Typically, climate models simulate too many wet days (the so-called drizzle effect [44]). In this situation, quantile mapping automatically adjusts the number of wet days (as the wet-day threshold is a quantile of the distribution) [45]. If a climate model simulates too few wet days, it has been suggested, e.g., to randomly generate low precipitation amounts [46]. The actual formulation of the transfer function depends on the implementation. Some authors consider empirical quantiles, linearly interpolated [47], others employ parametric models such as a normal distribution for temperature and a gamma distribution for precipitation [45, 48]. For extrapolating to unobserved quantiles, a constant transfer function beyond the highest observed quantile has been assumed [49], extrapolation based on the model used for the bulk of the distribution [45, 48], or specific extreme value models [50]. In general, the higher the flexibility of the mapping, the higher the danger of running into over-fitting and implausible applications [22]. In particular for high quantiles, where the sampling noise is very high, non-parametric quantile mapping produces very noisy results and essentially applies random corrections.
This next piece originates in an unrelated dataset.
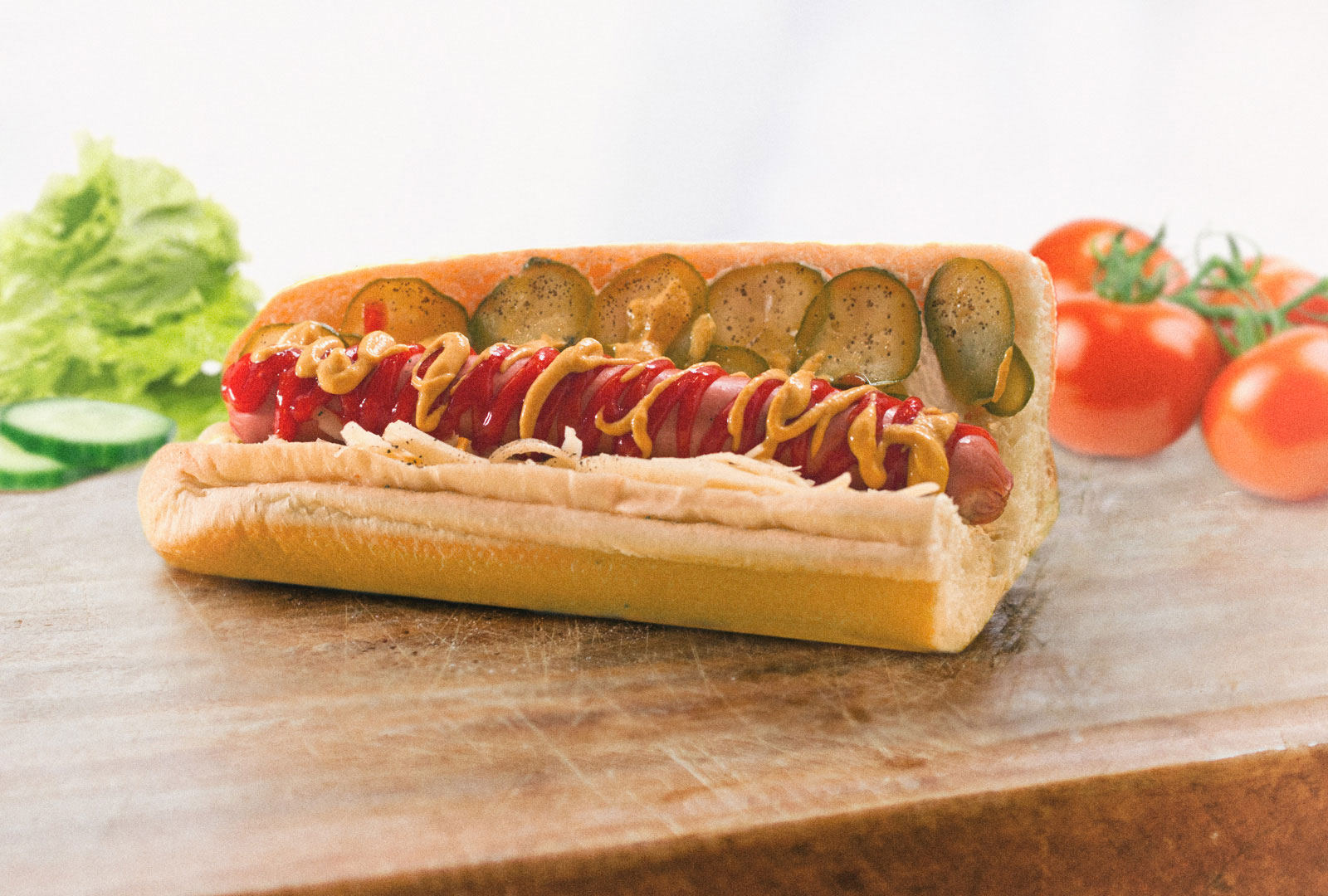 Produktfoto Hot Dog Sandwich mit Wurst und Gurken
Quantile mapping is mostly implemented as direct method, but can also be applied as a delta-change-like approach by modifying an observed series individually for different quantiles [51].

Fig. 2
figure 2

Quantile mapping. A simulated value, a quantile of the simulated distribution, is replaced by the quantile of the observed distribution corresponding to the same probability

The implementation of quantile mapping according to Eq. 7 assumes value-dependent biases: a value x i,r a w , no matter whether it occurs in present-day or future simulation, will be transformed according to the transfer function \(q_{{D_{y}^{p}}} \left (p_{{D_{x}^{p}}}(.)\right )\), but the transfer function might be different for different values. As such, this implementation is in general not trend preserving [11, 21]. Assume, e.g., a correction of temperature values as illustrated in Fig. 3. If the modelled present-day distribution has a negligible mean bias, but is too narrow compared to observations, quantiles close to the mean will only be weakly adjusted, whereas low and high values will be inflated to match the observations. Along with the inflation of the marginal distribution, variability on all time scales including the overall trend will be inflated.

Fig. 3
figure 3

Modification of trends by standard quantile mapping

Whether or not such trend modifications are sensible will be discussed in “?? State Dependent Biases and the Modification ??of Climate Change Trends”. In any case, some authors developed trend preserving variants of quantile mapping. The simplest version preserves the trend in the mean [13], a more sophisticated variant preserves the additive trend for each quantile [52] (Note that a method preserving trends in quantiles does not necessarily preserve the trend in the mean [53]). Other methods have been developed to preserve variability in the mean for a range of different time-scales [28]. A comparison of how different methods handle the representation of trends can be found in ref. [53].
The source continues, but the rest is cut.